Your assignment:
Return exactly the lines of the records below, starting at the line that contains "Imagen 16 de MotorStorm: Arctic Edge" and ending at the line that contains "Ed2b1698 6a85 4d67 Bd71 291bd36bee3f", with both of those lines kept.

BEGIN Dataset records

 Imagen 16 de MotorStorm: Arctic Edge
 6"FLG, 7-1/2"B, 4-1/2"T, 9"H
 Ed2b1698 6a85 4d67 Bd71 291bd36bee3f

END Dataset records
BEGIN Dataset records

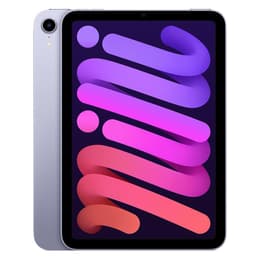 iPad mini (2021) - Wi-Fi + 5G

END Dataset records
BEGIN Dataset records

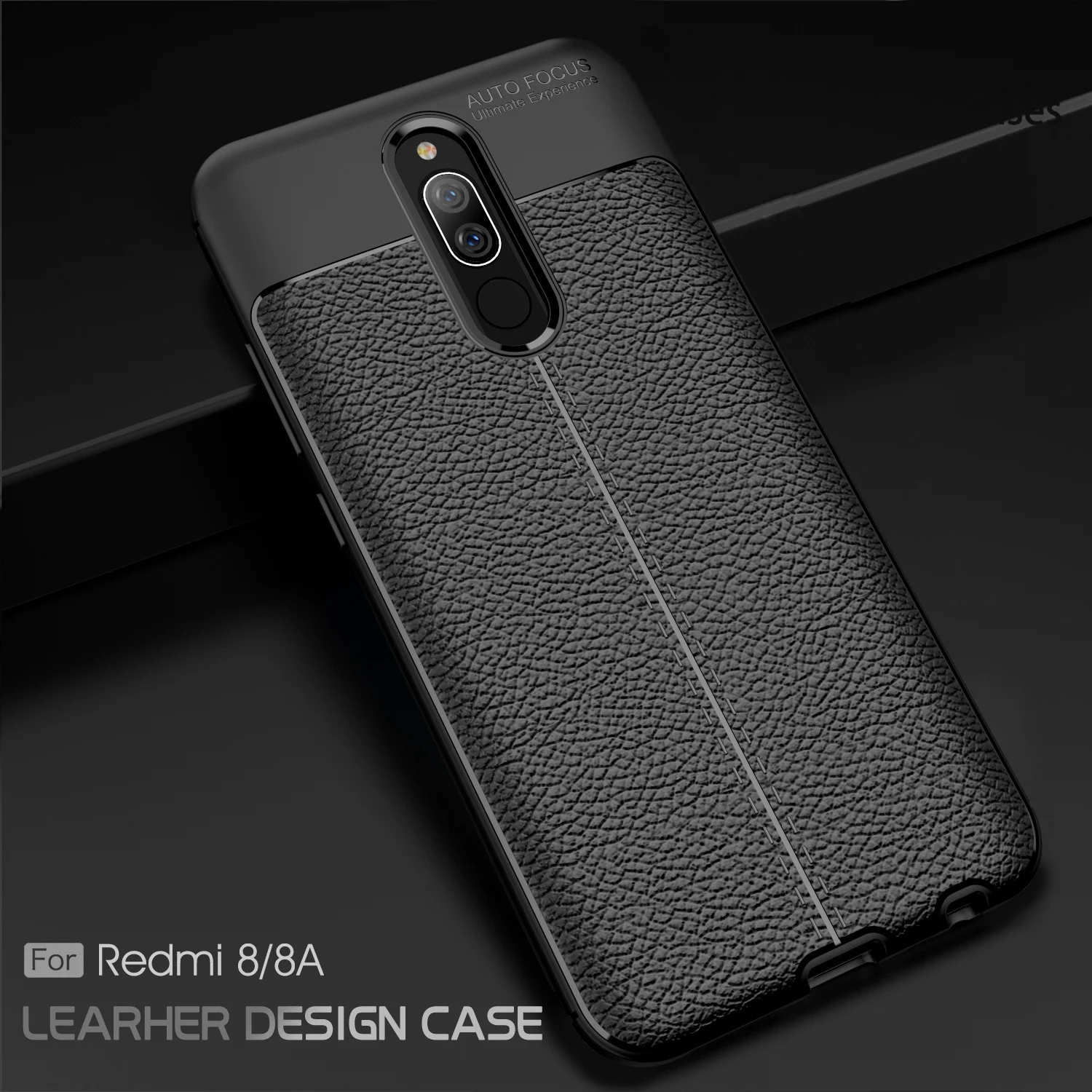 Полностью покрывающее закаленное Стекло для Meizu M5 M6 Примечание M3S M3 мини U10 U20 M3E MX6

END Dataset records

Task answer:
 Imagen 16 de MotorStorm: Arctic Edge
 6"FLG, 7-1/2"B, 4-1/2"T, 9"H
 Ed2b1698 6a85 4d67 Bd71 291bd36bee3f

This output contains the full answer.